Both District Court Judge James Robart, they noted, “and our own repeated invitations to explain” why there was such an “urgent need” for the Executive Order to be placed immediately back “into effect,” went all but unanswered, and the administration “submitted no evidence to rebut the States’ argument that the district court’s order merely returned the nation temporarily to the position it has occupied for many previous years.”

The Government, the judges said, “has pointed to no evidence that any alien from any of the countries named in the Order has perpetrated a terrorist attack in the United States.”

To the contrary, they wrote, rather than “present evidence to explain the need for the Executive Order, the Government has taken the position that we must not review its decision at all. We disagree.”

Neither were they persuaded by the Trump administration’s repeated reference to the fact that the Congress and the Obama administration had “identified the seven countries named in the Executive Order as countries of concern in 2015 and 2016.”

The government “has not offered any evidence or even an explanation of how the national security concerns that justified those designations”—and which some years ago triggered the new visa requirements under Obama, along with a system of stringent vetting—“can be extrapolated to justify an urgent need [now] for the Executive Order to be immediately reinstated.”

If there was some kind of compelling reason for Trump’s order to be rebooted, the government hadn’t shared it, they wrote.

On the flip side of the question, according to the judges, the states demonstrated “amply” that “real quantifiable damage would be done” if the TRO was lifted.

Thus the government’s portrayal of the “public interest” of keeping the nation safe from terror attacks that the ban purportedly serves, is up against another public interest “as evidenced by the massive attention this case has garnered at even the most preliminary stages.”

As a consequence, “…when considered alongside” the very real hardships o discussed above,” the competing public interests claimed by the administration, “do not justify a stay.”

And that was that.


We first thought the administration would appeal quickly to the Supremes.

Now it seems that the government may or may not to SCOTUS, but they also plan to rewrite the executive order to make it…well…more, you know, legal.
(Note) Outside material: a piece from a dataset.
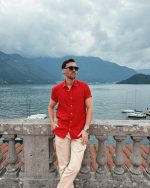 Chemise Scotch & Soda 177148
Or they may write another executive order. As of this writing, no one seems positive.

Meanwhile there are still multiple other lawsuits regarding the executive order making their way through the courts.

In any event, this story is far from over.

PS: If you want to read the 9th Circuit’s ruling yourself—an activity that we really, really recommend—-you can find it here.


  • Rudy Giuliani opened up a can of worms when he opened his big mouth. He should have never instructed Trump to a loophole to ban Muslims. Such hatred.

  • Truth be told, I don’t care very much about the immigration issue one way or the other.
    That being said, if the result of this case is watching the petty little dictators that occupy the federal bench finally getting their wings clipped, then I’m behind the president 100%. Throw in breaking up the out of control and throughly corrupt ninth circuit and all I have to say is God Speed Donald Trump!

  • There is some late breaking news regarding this decision. I believe the 9th District, the most overturned appellate court in the nation, is about to have its ass handed to them, short term, long term. No one is above the law, not Paul Tanaka, not Lee Baca, just ask them. The Office of the President is not above the law, ask Nixon. But Trump was clearly acting lawfully in this issue and the 3 judge panel, in my opinion, ruled, again, with their political ideology as their guiding light, not the Constitution. All in time, this will work itself out to a successful resolution and Trump will be serving crow to the radical left with box lunches going to the 9th District. They stepped on it, big league; they just don’t know it, yet.

  • Mr. Spade, well said…Imagine the 9th circuit being the board of trustees for a major corporation. Now imagine their poor decisions causing shareholders millions of dollars. The board would have been fired long ago. Life time membership leads to a kingdom, not clear eyes of the law!